Ездить за границу, наверное, очень здорово. Миссис Шарп развернула передо мной карту мира и показала, где находится Англия. Миссис Шарп рассказала мне о пустынях на Ближнем Востоке, о горах в Индии и о море. Думаю, больше всего мне бы понравилось в пустыне, потому что там вообще нет людей. Наверное, Лишнему в пустыне жить хорошо, потому что там ты один, и никто тебе не напомнит о том, кто ты такой.
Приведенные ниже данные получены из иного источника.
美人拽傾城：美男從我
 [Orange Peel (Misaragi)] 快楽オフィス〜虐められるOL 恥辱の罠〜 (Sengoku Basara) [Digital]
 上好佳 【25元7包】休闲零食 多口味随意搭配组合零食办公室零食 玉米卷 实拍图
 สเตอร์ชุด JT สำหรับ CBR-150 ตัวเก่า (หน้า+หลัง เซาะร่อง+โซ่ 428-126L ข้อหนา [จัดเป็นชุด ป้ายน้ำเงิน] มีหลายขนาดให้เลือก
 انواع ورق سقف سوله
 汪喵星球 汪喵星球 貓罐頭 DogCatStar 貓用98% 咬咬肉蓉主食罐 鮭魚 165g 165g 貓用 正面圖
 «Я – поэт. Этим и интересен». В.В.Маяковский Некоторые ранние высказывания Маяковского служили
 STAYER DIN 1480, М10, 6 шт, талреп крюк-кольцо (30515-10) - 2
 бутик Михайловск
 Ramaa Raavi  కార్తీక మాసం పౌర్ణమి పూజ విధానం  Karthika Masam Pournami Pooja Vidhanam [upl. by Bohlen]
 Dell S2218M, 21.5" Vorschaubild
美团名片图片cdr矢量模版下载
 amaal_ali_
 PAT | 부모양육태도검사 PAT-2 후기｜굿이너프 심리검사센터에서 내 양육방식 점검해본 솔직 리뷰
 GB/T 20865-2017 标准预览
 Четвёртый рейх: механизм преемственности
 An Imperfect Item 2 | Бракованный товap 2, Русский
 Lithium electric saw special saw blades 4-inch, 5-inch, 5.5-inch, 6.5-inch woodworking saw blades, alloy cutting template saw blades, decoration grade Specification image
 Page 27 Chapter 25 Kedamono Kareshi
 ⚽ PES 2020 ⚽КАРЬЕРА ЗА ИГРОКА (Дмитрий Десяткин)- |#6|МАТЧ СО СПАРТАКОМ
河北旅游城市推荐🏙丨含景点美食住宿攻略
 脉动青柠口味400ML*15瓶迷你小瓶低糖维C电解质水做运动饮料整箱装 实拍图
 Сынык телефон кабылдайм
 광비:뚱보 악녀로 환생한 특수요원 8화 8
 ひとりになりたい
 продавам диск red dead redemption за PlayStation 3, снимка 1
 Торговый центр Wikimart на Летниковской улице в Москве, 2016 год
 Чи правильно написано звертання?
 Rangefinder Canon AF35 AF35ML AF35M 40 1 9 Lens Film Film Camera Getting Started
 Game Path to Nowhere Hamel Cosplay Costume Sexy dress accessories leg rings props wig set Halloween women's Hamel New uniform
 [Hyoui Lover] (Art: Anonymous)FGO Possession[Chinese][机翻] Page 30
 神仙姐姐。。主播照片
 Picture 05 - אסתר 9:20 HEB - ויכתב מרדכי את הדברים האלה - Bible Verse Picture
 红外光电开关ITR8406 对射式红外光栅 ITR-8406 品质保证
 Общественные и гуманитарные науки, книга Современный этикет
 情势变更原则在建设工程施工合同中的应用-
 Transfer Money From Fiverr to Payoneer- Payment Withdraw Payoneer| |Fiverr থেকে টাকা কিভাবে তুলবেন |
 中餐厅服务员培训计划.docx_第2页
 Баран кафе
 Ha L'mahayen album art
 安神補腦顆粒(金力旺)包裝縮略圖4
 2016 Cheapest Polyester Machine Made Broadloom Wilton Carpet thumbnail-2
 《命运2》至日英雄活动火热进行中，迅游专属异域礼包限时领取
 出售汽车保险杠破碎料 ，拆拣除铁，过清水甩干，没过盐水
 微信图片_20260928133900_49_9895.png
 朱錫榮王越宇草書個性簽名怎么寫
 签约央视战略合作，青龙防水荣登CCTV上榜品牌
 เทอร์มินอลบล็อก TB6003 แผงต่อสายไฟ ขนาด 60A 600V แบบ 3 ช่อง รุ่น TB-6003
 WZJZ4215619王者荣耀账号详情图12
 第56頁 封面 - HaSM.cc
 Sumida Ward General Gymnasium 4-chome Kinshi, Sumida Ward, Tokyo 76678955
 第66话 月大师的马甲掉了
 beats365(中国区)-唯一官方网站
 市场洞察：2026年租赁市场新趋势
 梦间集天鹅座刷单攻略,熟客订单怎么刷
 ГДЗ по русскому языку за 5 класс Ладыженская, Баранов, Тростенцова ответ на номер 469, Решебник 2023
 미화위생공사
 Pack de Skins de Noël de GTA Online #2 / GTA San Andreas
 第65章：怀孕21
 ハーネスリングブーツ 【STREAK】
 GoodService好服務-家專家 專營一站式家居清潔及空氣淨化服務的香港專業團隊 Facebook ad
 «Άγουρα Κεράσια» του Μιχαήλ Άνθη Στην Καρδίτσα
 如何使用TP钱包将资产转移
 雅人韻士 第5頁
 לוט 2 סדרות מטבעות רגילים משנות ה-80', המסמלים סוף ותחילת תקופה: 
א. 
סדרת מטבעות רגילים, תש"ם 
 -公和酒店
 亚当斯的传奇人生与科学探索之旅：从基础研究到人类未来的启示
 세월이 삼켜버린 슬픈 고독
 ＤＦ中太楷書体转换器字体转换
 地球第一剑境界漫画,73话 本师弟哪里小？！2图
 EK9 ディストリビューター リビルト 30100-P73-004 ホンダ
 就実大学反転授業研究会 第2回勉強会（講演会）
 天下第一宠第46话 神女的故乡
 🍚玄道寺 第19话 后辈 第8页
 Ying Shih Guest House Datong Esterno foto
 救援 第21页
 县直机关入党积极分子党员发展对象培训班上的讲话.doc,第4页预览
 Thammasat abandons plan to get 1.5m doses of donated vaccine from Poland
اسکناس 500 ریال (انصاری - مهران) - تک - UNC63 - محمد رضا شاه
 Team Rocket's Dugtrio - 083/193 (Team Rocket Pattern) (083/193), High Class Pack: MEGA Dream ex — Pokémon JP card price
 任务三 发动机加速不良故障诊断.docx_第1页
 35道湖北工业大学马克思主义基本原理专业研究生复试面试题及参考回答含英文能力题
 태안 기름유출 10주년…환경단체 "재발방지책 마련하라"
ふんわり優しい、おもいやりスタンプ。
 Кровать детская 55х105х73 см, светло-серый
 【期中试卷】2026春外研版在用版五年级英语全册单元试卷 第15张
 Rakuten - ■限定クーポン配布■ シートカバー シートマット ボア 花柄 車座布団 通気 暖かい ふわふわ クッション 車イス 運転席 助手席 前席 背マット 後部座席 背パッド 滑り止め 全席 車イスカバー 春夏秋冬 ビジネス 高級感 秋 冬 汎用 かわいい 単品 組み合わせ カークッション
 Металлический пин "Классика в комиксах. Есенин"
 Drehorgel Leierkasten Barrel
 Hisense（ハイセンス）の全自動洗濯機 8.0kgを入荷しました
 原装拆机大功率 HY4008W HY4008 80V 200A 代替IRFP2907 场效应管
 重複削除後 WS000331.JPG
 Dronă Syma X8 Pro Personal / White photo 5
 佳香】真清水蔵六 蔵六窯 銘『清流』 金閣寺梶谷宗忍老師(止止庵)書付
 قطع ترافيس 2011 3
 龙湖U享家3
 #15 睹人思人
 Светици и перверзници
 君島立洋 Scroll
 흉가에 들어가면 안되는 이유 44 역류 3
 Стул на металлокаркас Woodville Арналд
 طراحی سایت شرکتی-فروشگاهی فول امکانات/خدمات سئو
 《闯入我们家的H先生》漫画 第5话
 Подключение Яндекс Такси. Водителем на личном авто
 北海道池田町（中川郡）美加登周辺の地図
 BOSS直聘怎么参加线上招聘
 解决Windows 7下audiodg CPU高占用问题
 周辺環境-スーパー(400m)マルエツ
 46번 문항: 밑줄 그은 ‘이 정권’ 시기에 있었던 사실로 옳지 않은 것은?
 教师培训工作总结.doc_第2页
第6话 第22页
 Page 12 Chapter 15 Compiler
Впрочем, возможно, я никогда не увижу пустыни. Миссис Принсент говорит, что сейчас пустыни быстро застраивают. Миссис Принсент утверждает, что пустыни — роскошь, и такую роскошь мир сейчас уже не может себе позволить, и мне, вместо того чтобы попусту мечтать о местах, которые я никогда не увижу, стоит задуматься о том, как научиться лучше гладить. Не уверена, что она права. Впрочем, я ей об этом никогда не скажу. Миссис Шарп рассказывала, что когда-то у нее была служанка — она сопровождала ее по всему миру, укладывала чемоданы, заказывала билеты, и все в таком духе. Миссис Шарп держала ее сорок лет, и ей было жаль с ней расставаться. Новая служанка не переносила жары, поэтому на время поездок миссис Шарп приходилось оставлять ее дома. Если мне удастся попасть в услужение к даме, которая много путешествует, думаю, я не стану жаловаться на жару. Пустыня — самое жаркое место в мире, и я уверена, что мне бы там понравилось.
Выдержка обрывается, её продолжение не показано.